- Active: 24 October 2025–Present
- Country: Venezuela
- Branch: Venezuelan Armed Forces
- Type: Foreign volunteers
- Role: Infantry
- Size: Unknown
- Patron: Simón Bolívar
- Motto: Long live Maduro! Long live Venezuela! Long live the Simón Bolívar International Brigade!
- Engagements: United States–Venezuela conflict
- Website: https://www.instagram.com/brigadabolivar?igsh=MXZzbnZzOGhsODNiZw==

Commanders
- Current commander: Unknown

= Simón Bolívar Internationalist Brigades =

The Simón Bolívar Internationalist Brigades, (Brigadas Internacionalistas Simón Bolívar) also known as the Simón Bolívar International Brigade and as the International Brigade in Defense of the Bolivarian Revolution, is a Venezuelan unit composed of foreign volunteers. According to President Nicolás Maduro, the Brigades' purpose is to defend the sovereignty of Venezuela against a potential American invasion of the country.

==History==

===Pre-formation===
On 13 October 2025, Diosdado Cabello, the general secretary of the United Socialist Party of Venezuela, said during a party conference that, "Venezuela will welcome support from people around the world to help defend the country from an imminent US military aggression. If we have not publicly called for the peoples of the world to organize to defend our country, I take this opportunity to do so from this moment, that from anywhere in the world, here is Venezuela, which is being attacked, and any help you can give us is welcome. Here you will be received as brothers of life. Brothers of life. Love is repaid with love. That is what they say around here."

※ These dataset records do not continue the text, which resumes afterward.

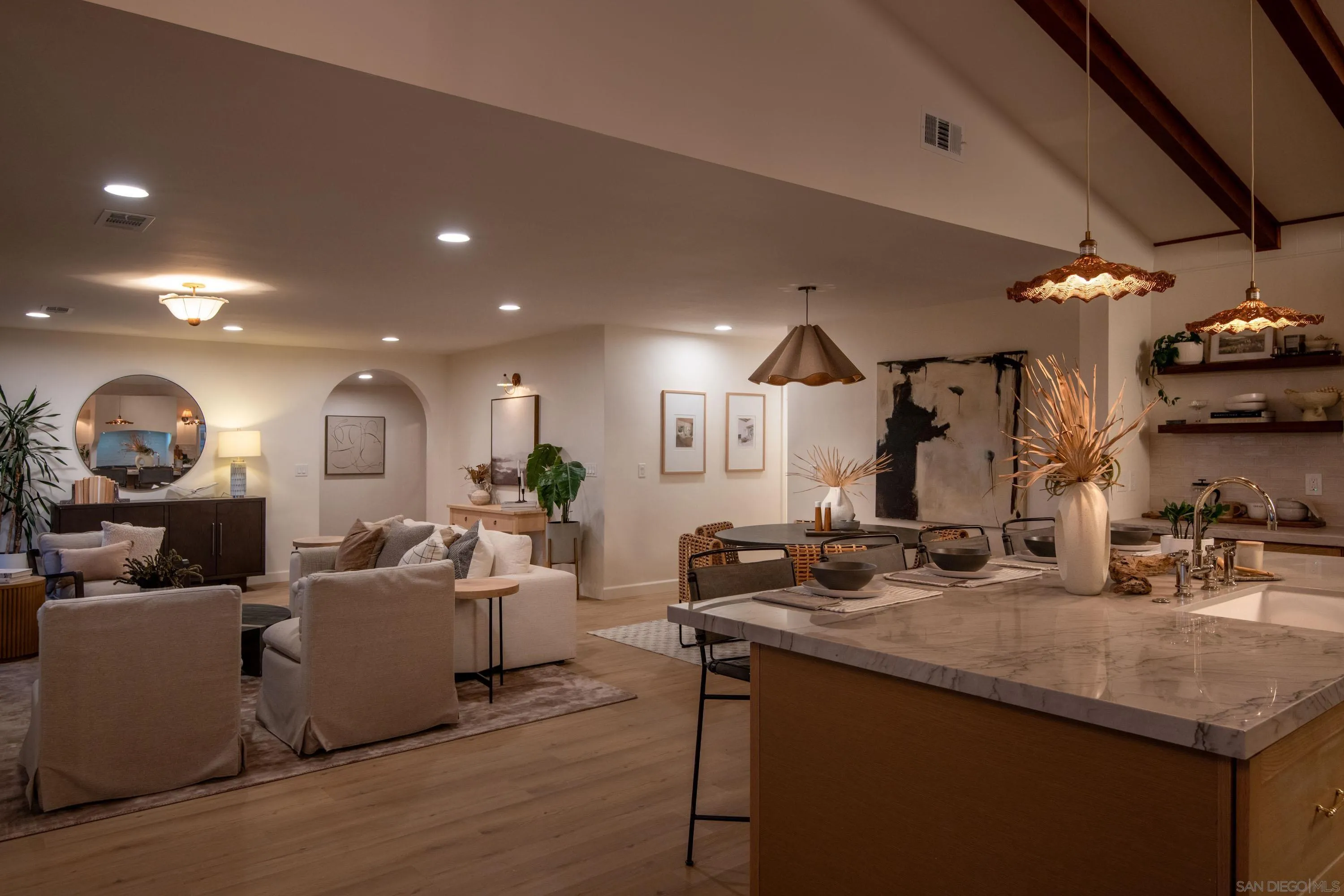 https://cdn.realtyfeed.com/cdn/127/260004030/938dc22d20a24461ad0cc11d5b16c13e.webp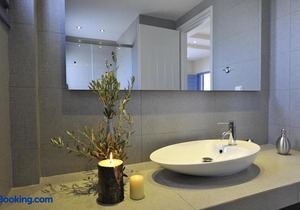 Alexandros Studios Paros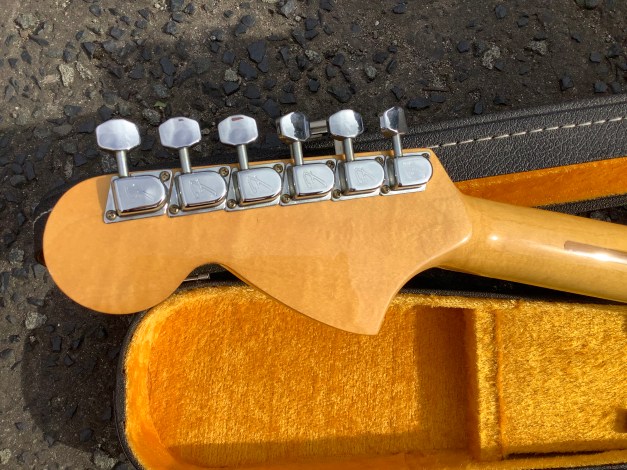 24F4DEA0-FB65-4C37-B4A3-5CA2143D3595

On 17 October 2025, João Pedro Stédile, the leader of the Brazilian Landless Workers' Movement, announced that organisations across Latin America were coordinating to send "brigades of activists to Venezuela" in a show of solidarity with the country's people. Stédile also stated that the movement seeks to "echo the historic epic" of the Spanish International Brigades that were organized by the Comintern during the Spanish Civil War. On 20 October 2025, members of Argentinian Antifa group known as "Antifascist International Argentina" staged a protest in front of a monument to Simón Bolívar in Buenos Aires. Protesters showed a message of solidarity towards Venezuela while also calling for the formation of International Brigades to support Venezuela.

===Formation===
The formation of the Simón Bolívar Internationalist Brigades was announced by President Nicolás Maduro on 24 October 2025. The announcement was made during a visit to the El Gran Topo Agroecological Tourist Commune in Colina Bella, Caracas, during the closing ceremony of the World Anti-Imperialist Platform. The brigades are based on the International Brigades of the Republican faction that fought in the Spanish Civil War.

The Simón Bolívar Internationalist Brigades were formed in the wake of an increased American presence in the Caribbean, with Maduro claiming that the new International Brigades will help to protect Venezuela's sovereignty and help to defend the country from an American invasion. Maduro also stated, "men and women of the world come to Venezuela to fight for "independence, sovereignty and peace".

==Composition==
Maduro claimed that Venezuela had "received proposals from all over Latin America and the Caribbean, Asia, Africa and many other places". He also claimed, "I have seen videos on social networks, of many people, social leaders, saying that they also enlist."

On 26 December 2025, Maduro greeted and decorated Cuban members of the Brigade.

On 14 January 2026, members of the brigade paid tribute to the Father of the Nation statue in Plaza Bolívar, offering roses before the statue as a symbol of commitment to the brigade's cause. Jonathan Centeno, the spokesman of the brigade, gave a speech stating, "Here we see Bolívar's dream materialize. Venezuela's sovereignty, self-determination and political cohesion are a message to those of us who assume this responsibility from an internationalist perspective. It means putting our lives in the service of the defense of the Bolivarian project, demanding the release of President Nicolás Maduro and the first combatant, and motivating the peoples in this struggle."

On 23 February 2026, the Venezuelan Ministry of Foreign Affairs and the Simón Bolívar Institute reported that a group of international volunteers who were in the country and joined the International Brigade in order to show solidarity with Venezuela. The group included people from the United States, Brazil, and Colombia, and members of the feminist organization Code Pink.